-- Material provided follows --
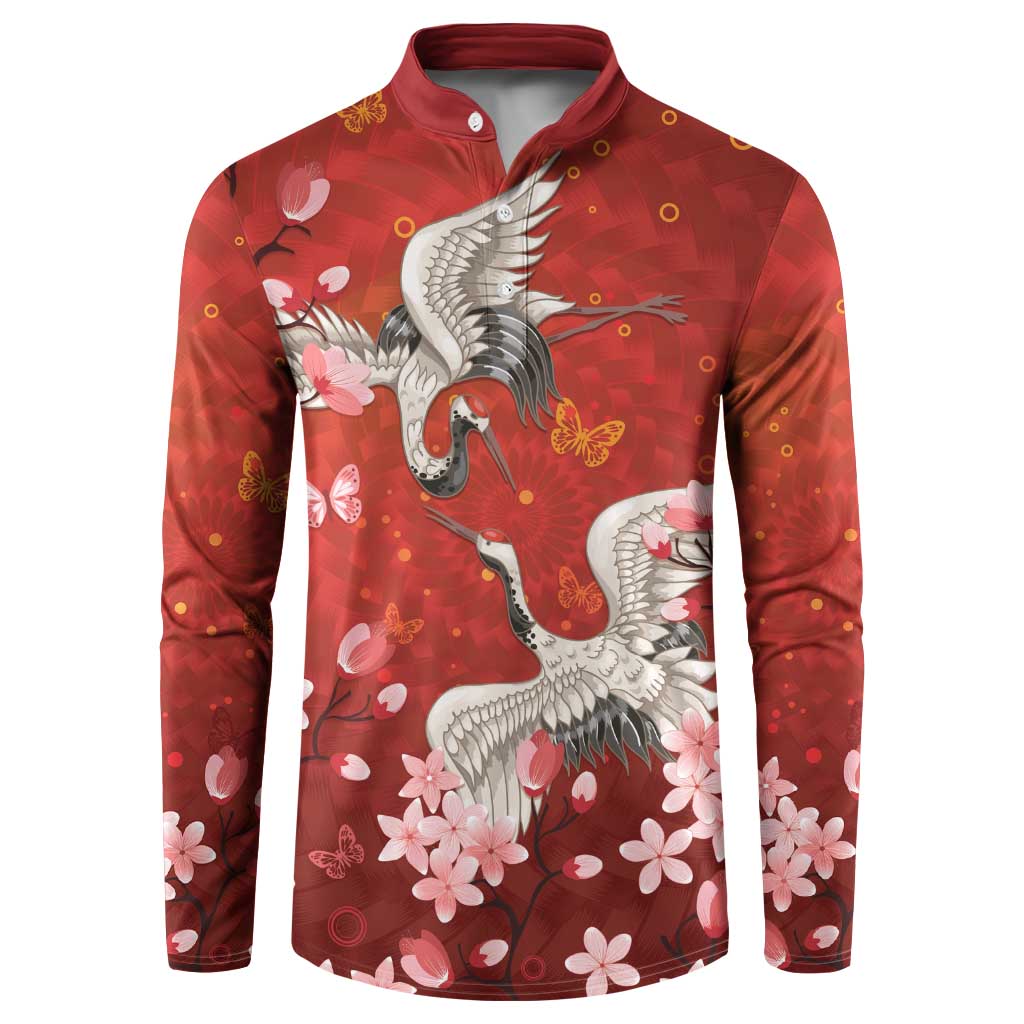 Hawaii Japan Cranes Sakura Flower Red Button Sweatshirt Japan Heritage Spirit LT01 Red - Polynesian Pride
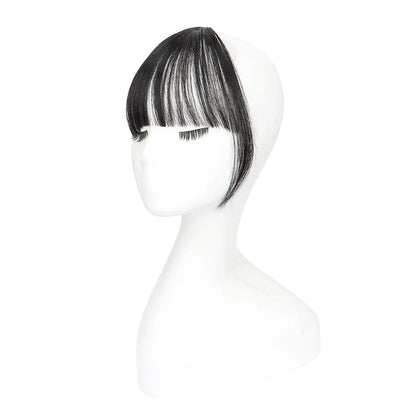 Synthetic Invisible Air Bangs Hair Extensions – Fake Front Fringe Hairpiece, Black & Brown Clip-In Bangs for Women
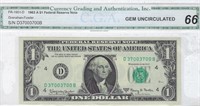 US$1 FRN Fancy SN ,Gem 66. U5Cf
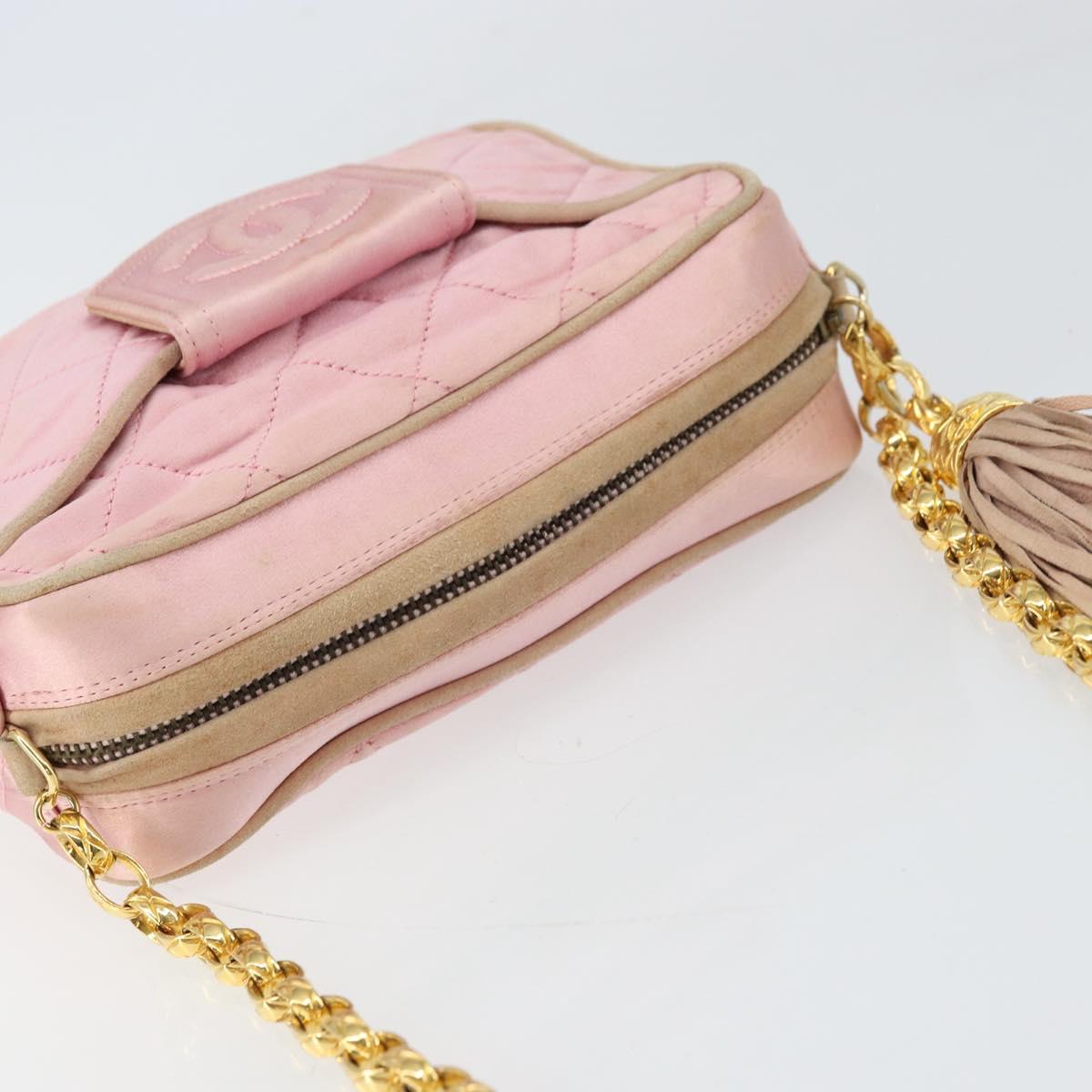 CHANEL Chain Shoulder Bag Satin Pink Gold CC Auth bs31914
-- Material provided concluded --
- _What this task involves_: The needed output is the lines from the one with "US$1 FRN Fancy SN ,Gem 66. U5Cf" through the end of the listing, written out exactly, both ends included, pictures excluded.

- _Task solution_:
 US$1 FRN Fancy SN ,Gem 66. U5Cf
 CHANEL Chain Shoulder Bag Satin Pink Gold CC Auth bs31914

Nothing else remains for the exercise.